それで、ずっと観ようと思ってたマルジェラのドキュメンタリー映画、 「We Margiela マルジェラと私たち」を観たので、そのことについて書いていこうと思います。
マルタン・マルジェラについて
その前に、マルジェラに知らない方もいると思いますので、軽く説明を。
マルジェラとは、主に90年代~00年代に活躍したデザイナー、マルタン・マルジェラおよび彼の名を冠したブランド、メゾン マルタン・マルジェラのことです。他のブランドの華やかでゴージャスなデザインとは一線を画した、シンプルで少し薄汚い、脱構築的とも称される独自のスタイルによって、一世を風靡しました。
マルタン氏はメディアに出ないことで有名で、公式な彼の顔写真は一枚たりとも存在しません。そのことがブランドの謎めいたイメージに一役買っています。とは言えネットが発展した現代、調べれば彼の顔は出てきます笑。すごい時代ですよね、全く。
マルジェラで一番特徴的と言えるのはタグでしょう。マルジェラのタグはカレンダーを模したもので、タグの四隅を糸で軽く服に縫い付けただけのデザインがブランドアイコンとなっています。これを見れば一発でマルジェラだと分かるデザイン。
かなりの人気ブランドであり、足袋ブーツ、ドライバーズニット、八の字ライダース、エイズTシャツなどの定番品も多く存在します。財布やバッグ、香水も展開しており、特に香水はコンセプトが独特かつ明快で、愛用者が多いようです。原宿のアットコスメにもマルジェラの香水が置いてあって、とても驚いた記憶があります。よほどポピュラーでなければ、逆にブランドの価値を落としかねません。最近のマルジェラの人気を物語っているように思えました。
ちなみにマルタン氏は2008年にブランドを引退し、現在のデザイナーは2015年から、ジョン・ガリアーノ氏が務めています。それに伴い、ブランド名も現在のメゾンマルジェラに変更されました。
とまあ、事前に知っておいた方がいいのはこのくらいですね。これだけ知っていれば、とりあえず映画の内容は理解しやすいかと。まあ、服が好きな人はこれくらい当然知っていますよね?(煽り) ファオタあるあるの知識マウント、本当にクソです。

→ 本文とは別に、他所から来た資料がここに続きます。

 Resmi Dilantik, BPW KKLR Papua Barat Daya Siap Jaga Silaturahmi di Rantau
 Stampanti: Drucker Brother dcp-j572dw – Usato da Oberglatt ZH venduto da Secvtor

では肝心の、映画の内容に移りましょう。以下ネタバレを多大に含む、というかざっくりまとめて解説しちゃいます。ネタバレが嫌な人、読むのが面倒な人は感想だけ見ることをお勧めします。
ちなみに僕はこの映画を二回観てます。貧乏性なので笑。
ブランドの始まり
まず、マルジェラの始まりについて。
デザイナーのマルタン氏(以下マルタン)ばかりが注目されてきましたが、実は彼にはビジネスパートナーがいました。ジェニー・ローレンスという女性です。ジェニーはメゾン マルタンマルジェラの共同設立者であり、チームマルジェラにも欠かせない存在でした。大黒柱であり、母のような存在だったと語られています。

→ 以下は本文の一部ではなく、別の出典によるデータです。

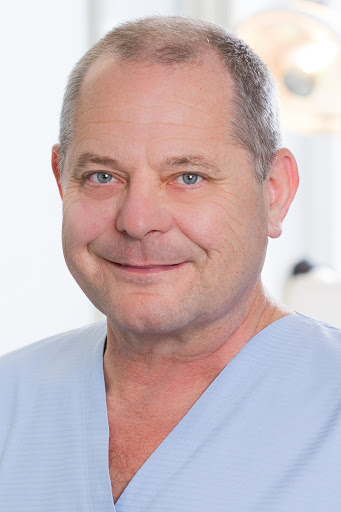 Zahnarztpraxis Dr. medic. stom. Michael Helwig in Düren - Thumbnail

彼女は若き日のマルタンの非凡な才能を見抜き、ファッション業界の常識を壊すために2人はタッグを組みます。これがすべての始まりです。
デザインを担うマルタン、ブランディングや経営を指揮するジェニー。2人の才能に惹かれ、有能で熱意あるスタッフたちが集まり、メゾン マルタンマルジェラがスタートしました。当時のスタッフの写真です。

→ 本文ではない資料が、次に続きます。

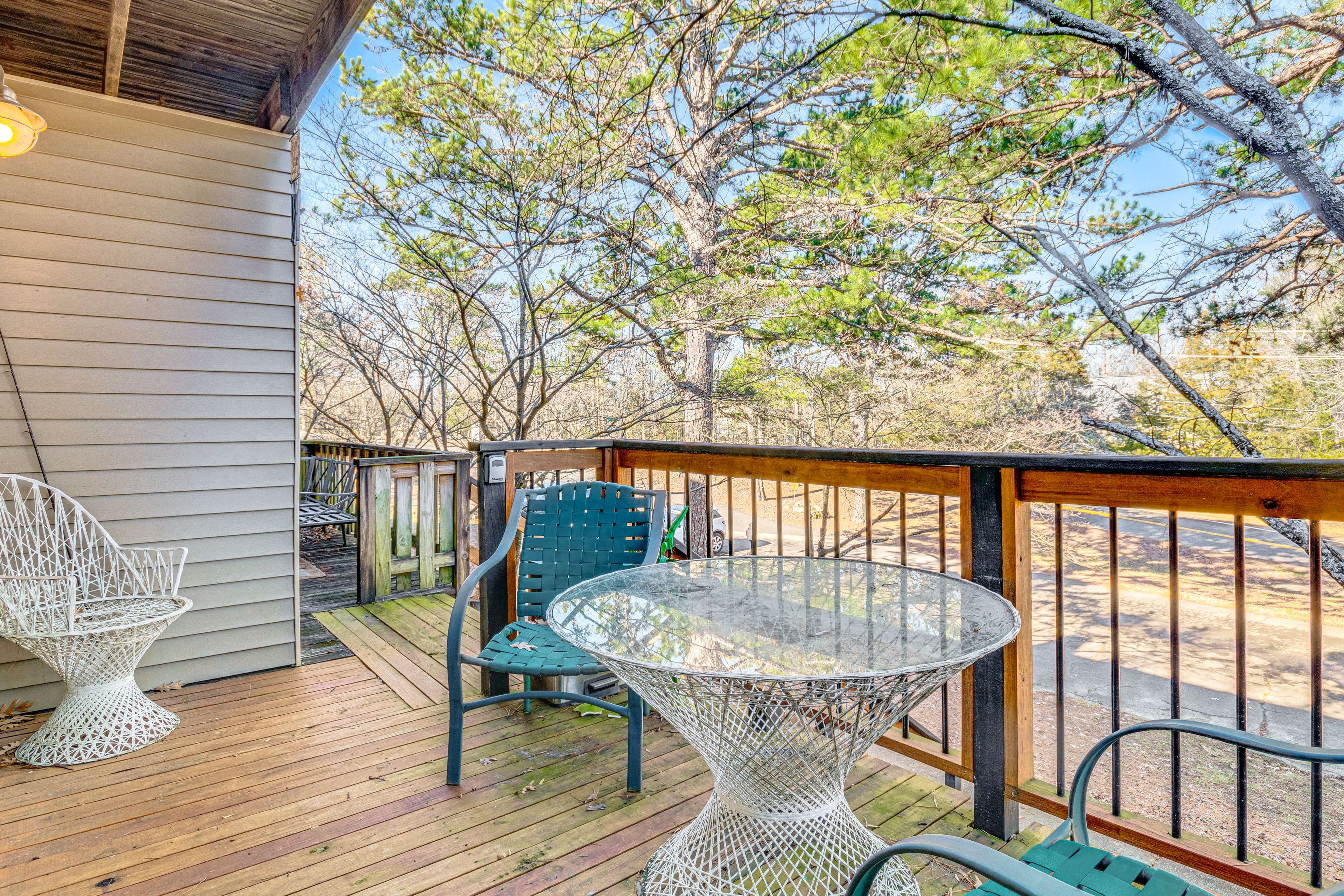 Deck | Dining Area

ブランドアイコンとも言える、四つタグの誕生秘話も明かされます。
実は、ブランド名のないタグをつけるのはジェニーのアイディアだったようです(今はカレンダーデザインですが、当時は本当の無地でした)。ブティックに名前の無い服が置いてあったらインパクトがあって面白いと考えたジェニーですが、マルタンには渋られました。曰く、「僕の名前がないと両親が悲しむ」と。
最終的に同意したマルタンでしたが、その条件として、タグの止め方にこだわることで、一発で自分のブランドと認識できることを提案しました。
巷では「服の本質を見て欲しいというマルタンの想いから、いつでも外せるようにしている」と言われてきましたがそれは後付けで、マルタンはむしろブランドにこだわりを持っていたことがわかります。
またこの匿名性とも言える発想は、ブランドの象徴として様々なアイテムのデザインにも反映されています。例えば、何も彫られていないシグネットリングなどですね。これも恐らくは、ジェニーによるマルジェラとしてのブランディングの一環でしょう。ここからもジェニーの存在の大きさが窺えますね。
順調なスタート
パートナーや優秀なスタッフに恵まれ、マルジェラは初めてのショーを行います。下はルック写真です。
1989年のファーストコレクションで、狙い通りファッション業界に衝撃を与えることに成功しました。ちなみに足袋ブーツはこの時からあったようです。
続く1990年のコレクションでは、「リアルな場で服を発表したい」とのマルタンの想いから、空き地でのショーを開催。やはり大きな反響がありました。このショーは、観客の1人の少年に大きな衝撃を与え、彼はのちにファッションの歴史に名を刻む偉大な人物となりました。ジルサンダー ディオール など名だたるブランドを手掛けた、ラフシモンズその人です。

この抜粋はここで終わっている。